There’s one particular shareholder group here in Canada who wanted us to sign up to the UN Guiding Principles on Business and Human Rights, which we’ve done. I’d like to think that any controversy around Clear is behind us. I think we were swept up in a broader set of problems to which we have not contributed.
Are you referring to how ICE was using the technology?
No. There was a contract between Thomson Reuters Clear and the Department of Homeland Security, ICE, under President Obama’s administration. Clear was sort of used effectively during that period. The usage of Clear did not change when President Trump stepped in, but of course, the temperature went up very significantly around activities at the border, and so did the pressure on Clear and other providers of data, even though the contracts had been in place and the permitted uses did not change.
Does Clear have a contract with Homeland Security now?

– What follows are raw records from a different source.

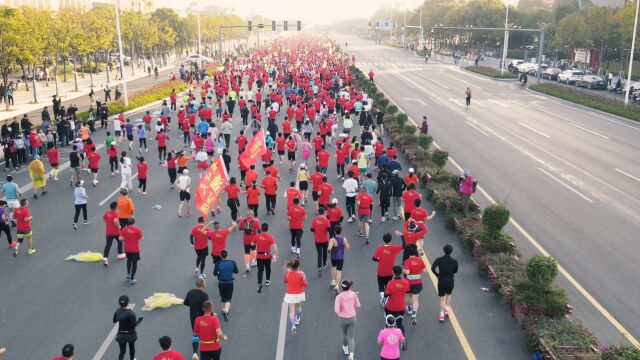 航拍: 2023信阳马拉松赛开跑 万名跑友迎风奔跑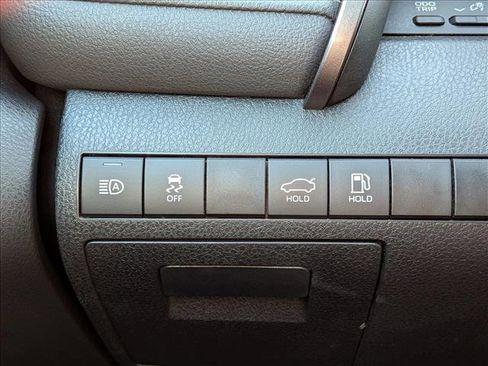 Used 2024 Toyota Camry SE image 12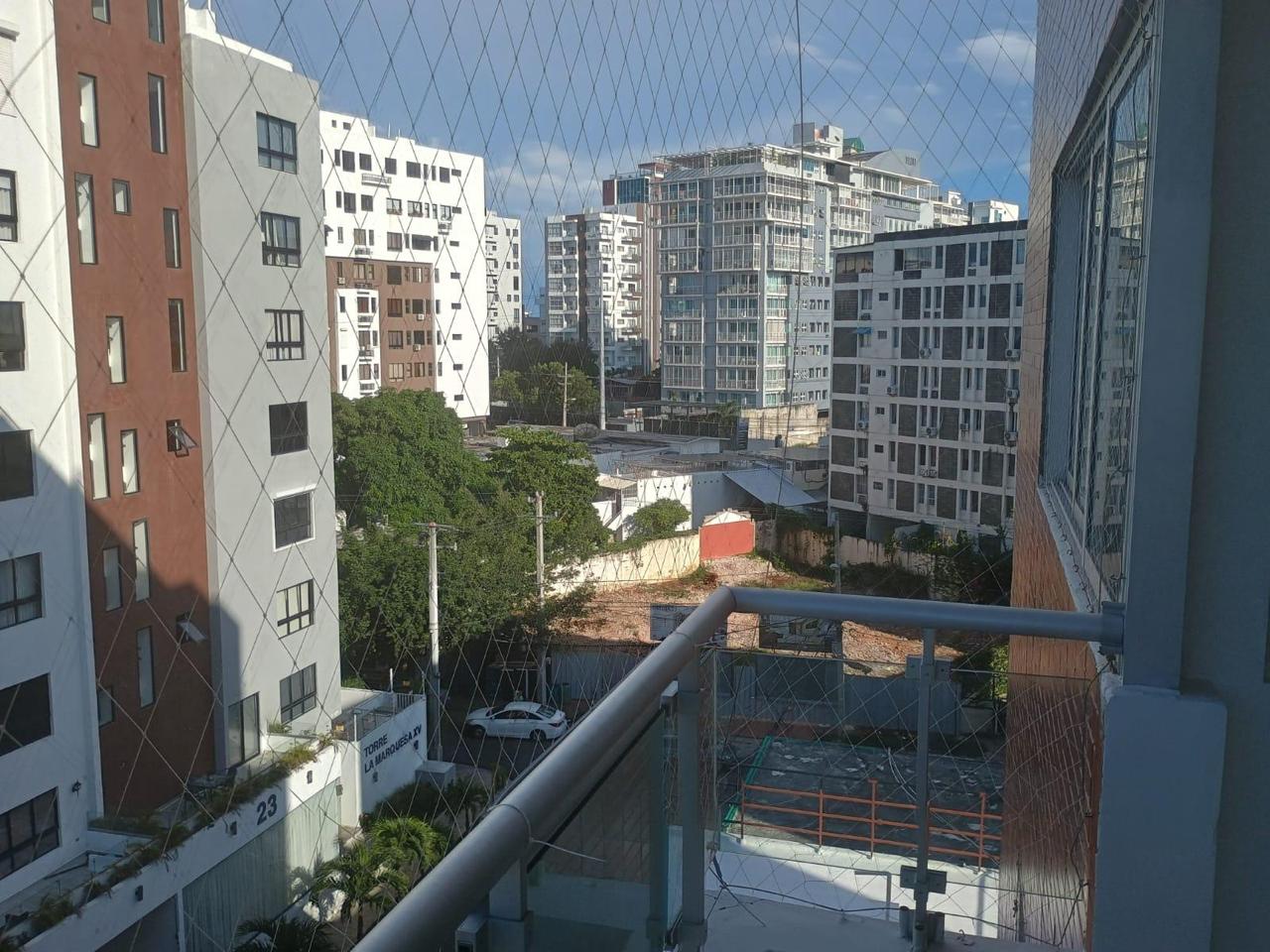 apartamentos - Apto 3 Habs.  en  LA TORRE MONARCA,  EL VERGEL, 6to PISO, 160 Mts.2, REBAJADA 7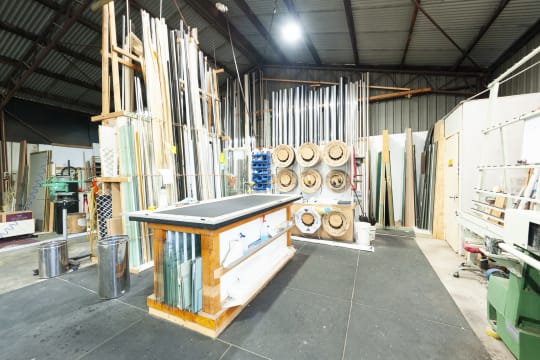 LEASEHOLD - Yass Windscreens & Glass NSW - 1P0518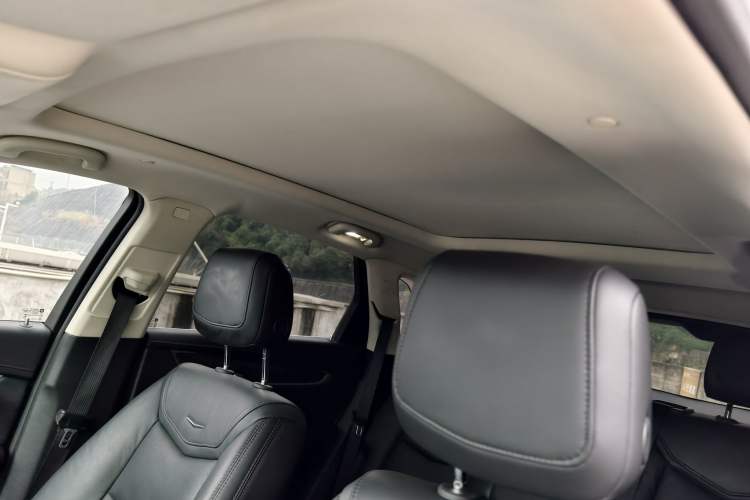 Used Cadillac XT5 2018 25T Luxury Model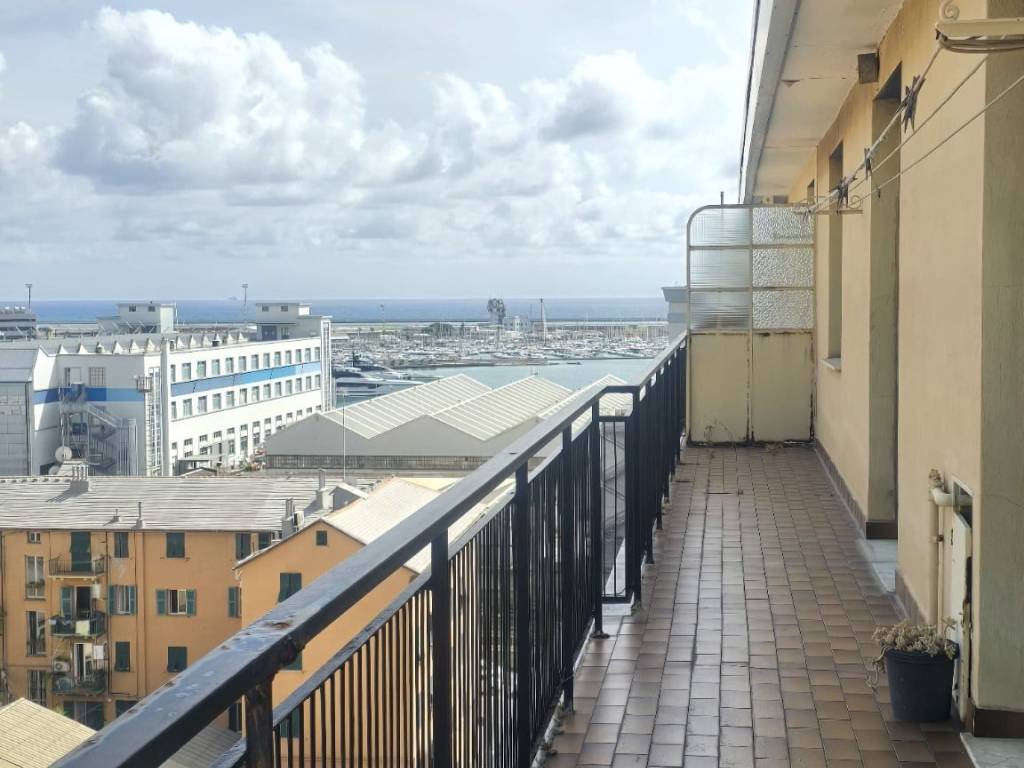 appartamento in vendita a Genova in zona Sestri Ponente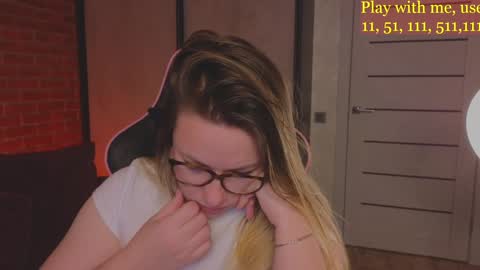 Snapshot of cute_darina chatting on 01-21-25, 08:19 Everyday stream in the same time online show from 01-21-25, 08:19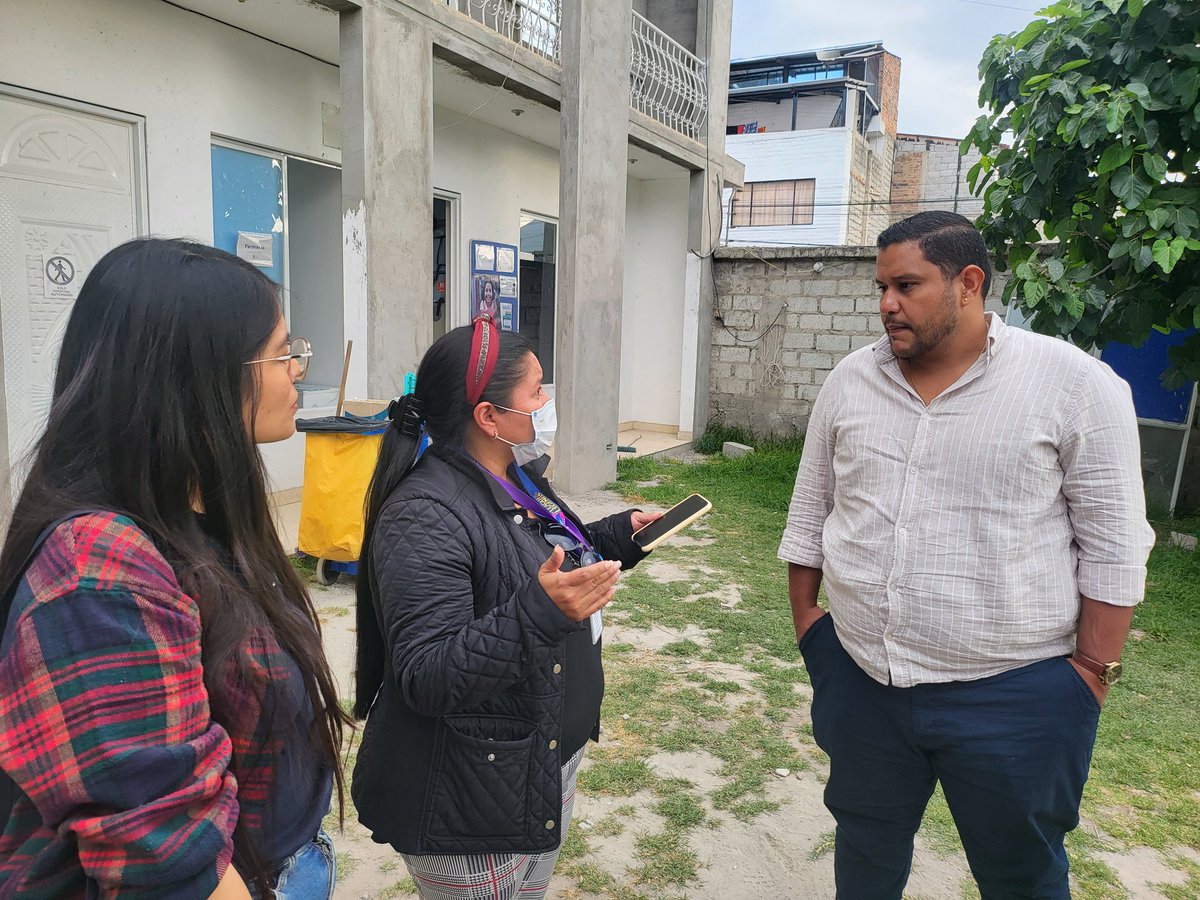 SaludImbabura's tweet photo. #Otavalo |  Marcos Ortiz, Coordinador Zonal 1 junto a  Diana Viteri, Directora del #Distrito10D02, realizaron una visita al C.S. Otavalo con el fin de articular acciones por el fortalecimiento del servicio de Odontología, que pronto abrirá sus puertas en este centro de salud.👏🏻 https://t.co/U7HnF2Xkdk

No. [Editor’s note: After this interview, Thomson Reuters spokesperson Kent Carter clarified that the company does currently have a contract with the Department of Homeland Security.]
TR did a round of layoffs before you joined. Has the company laid off workers during this more recent period in which other tech firms have slashed jobs?
As part of our change program, we did—it sounds like cute language—but we did some workforce shifts. We built up centres of excellence in parts of the world, starting with Toronto, and we lightened up some sort of engineering and software resources elsewhere. If you were to go to various of our locations, you would see that some [employment numbers] have gone up and some have gone down, but net, our employee count has risen by about 1,000 from the start of the pandemic to now.
What kind of company do you envision TR being in five years?
Our aspiration is to play a key role in helping transform four professions: legal, corporates, tax and accounting and news. To make workers more efficient, more effective. To improve job satisfaction. To allow people to get home earlier at night.
Editor’s note: This story has been updated to clarify Hasker’s comments about Thomson Reuters’ contract with the U.S. Department of Homeland Security.